Provided material —

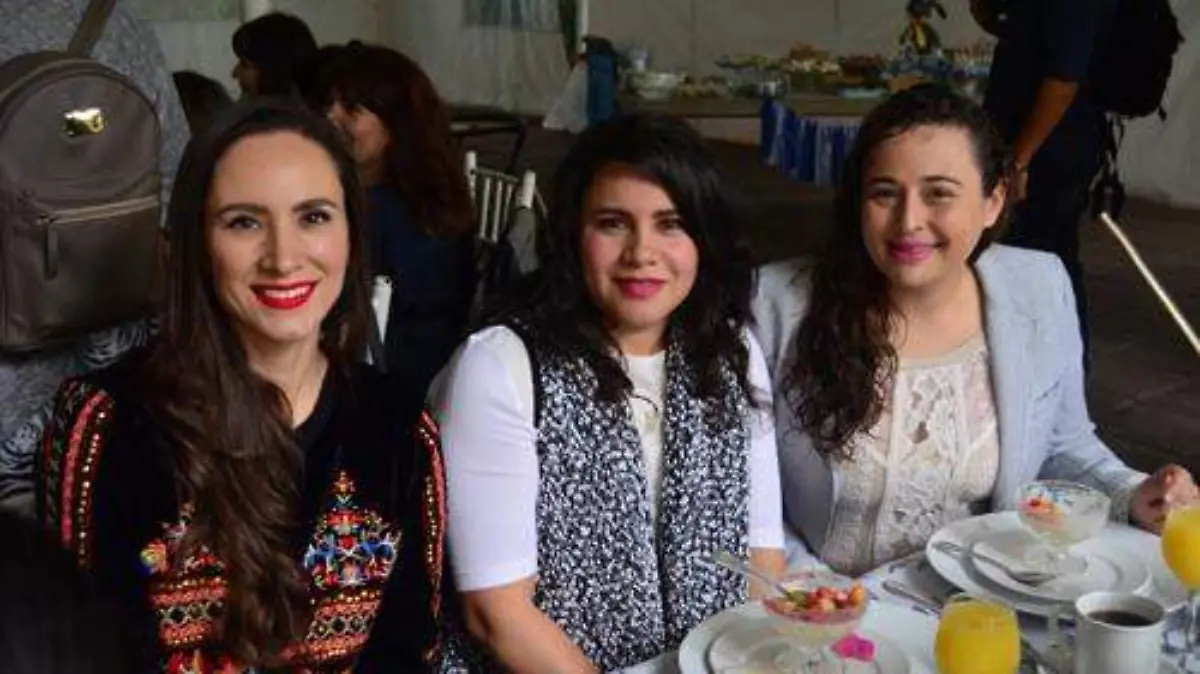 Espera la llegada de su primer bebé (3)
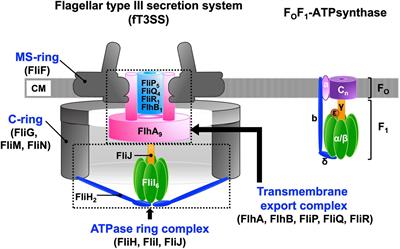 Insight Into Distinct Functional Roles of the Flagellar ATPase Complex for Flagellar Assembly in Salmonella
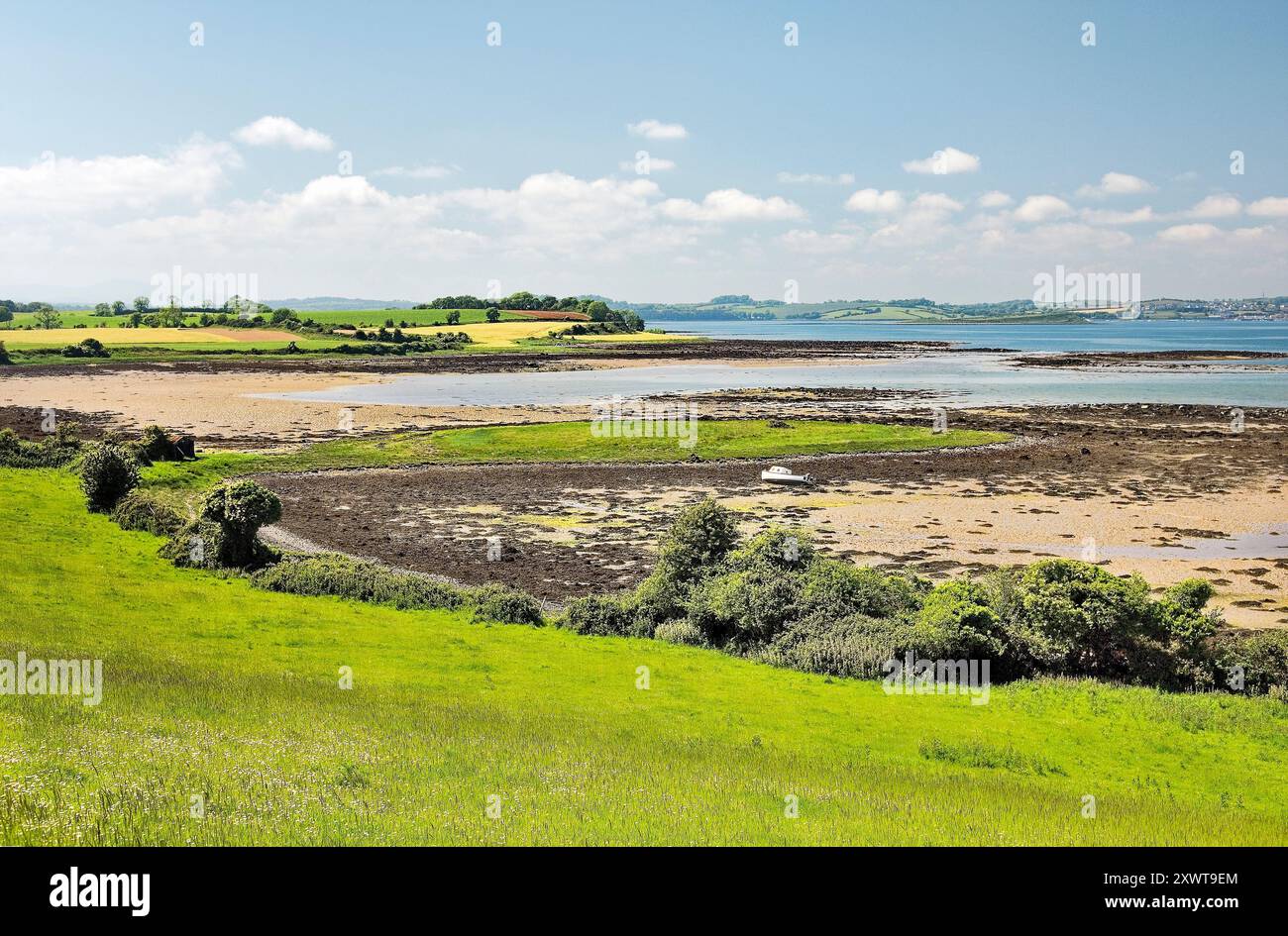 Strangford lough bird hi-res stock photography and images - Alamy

Assignment — Repeat word for word the lines from the one holding "Insight Into Distinct" through the last line of the listing above, including both ends. Drop the pictures.

Solution —
 Insight Into Distinct Functional Roles of the Flagellar ATPase Complex for Flagellar Assembly in Salmonella
 Strangford lough bird hi-res stock photography and images - Alamy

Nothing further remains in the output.